Kye
Kye

Reputation: 6239

How to access GitHub via Personal Access Token in URL

I maintain a private repository but want to make one file publicly available.

GitHub documentation states that the CURL command below can retrieve a file:

curl -u username:token https://api.github.com/user

But I would like to provide access through a URL. E.g.

https://username:[email protected]/me/repo/master/README.md

This always return a 404. Am I missing something?

Upvotes: 6

Views: 15153

Answers (2)

Kerry Johnson
Kerry Johnson

Reputation: 1024

For those of you wondering the "why" on 404 vs 401, it's basically a security measure on GitHub's part to output 404 instead of 401: https://docs.github.com/en/github-ae@latest/rest/overview/other-authentication-methods#basic-authentication

For those wondering why we get a 404 in the browser while cURL gives us a success response, you might've assumed that providing the username and password in the URL like https://username:[email protected] would pass the credentials along in the initial request. That is not the case - the browser steps in and sees if the page you are requesting returns a WWW-Authenticate response header, and only then does it send your credentials. In the case of your GitHub url, the resource doesn't send back a WWW-Authenticate. If it did return WWW-Authenticate, then you obviously wouldn't run into this problem.

And then there's cURL. cURL assumes Basic Authentication by default and automatically sets the Authorization header to your username and password (either from the url like my previous example, or set through CLI options like in your example), and it sends it regardless of whether or not the server returns a WWW-Authenticate response header.

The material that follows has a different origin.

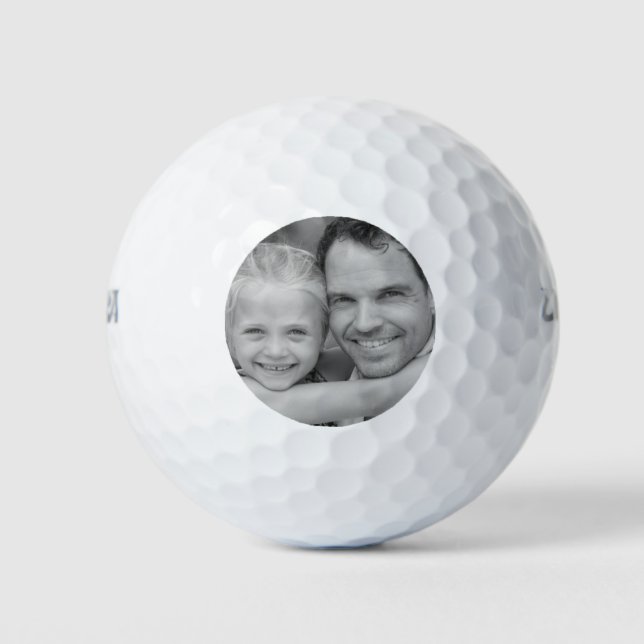 Balles De Golf Photographie personnalisée avec filtre SW (Devant)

Unfortunately for us, there's no way to force the browser to send it with the initial request. As to why GitHub doesn't send a WWW-Authenticate response header, it's probably because they don't want to promote the least secure way of authentication - they no longer allow account passwords to be sent this way, after all. However, they do realize its ease of use and have mitigated some of its weaker points by allowing users to use oAuth access token, GitHub App installation access token, or Personal Access Token in its place that can limit its scope of access. So really, it's the browser that is following standards, and GitHub allowing a form of Basic Authentication with some alterations, and cURL immediately passing our credentials into the Authorization header. I believe the below is what's happening behind your requests:

cURL sends a request along with Authorization header → GitHub: "Well, I didn't ask, but yeah, your creds check out" → GitHub: Authorized and redirects to resource

Browser sends request and waits for WWW-Authenticate response before handing credentials → GitHub: "Umm, you don't have permission to access this resource but I can't let you know whether it actually exists") → GitHub: Returns 404 (instead of 401 with WWW-Authenticate header) stopping the browser short from receiving the WWW-Authenticate header response and sending out an Authorization header with the credentials on hand.

Upvotes: 2

VonC
VonC

Reputation: 1324258

From "How can I download a single raw file from a private github repo using the command line?", you wouldneed to use a PAT (Personnal Access Token) without the username:

curl -s https://[email protected]/....

But I would not recommend making that token visible in any way: it would give access to that file and the rest of the repository.

Putting that file in a separate location (be it a separate public repository, or any other online text storage service) would be safer.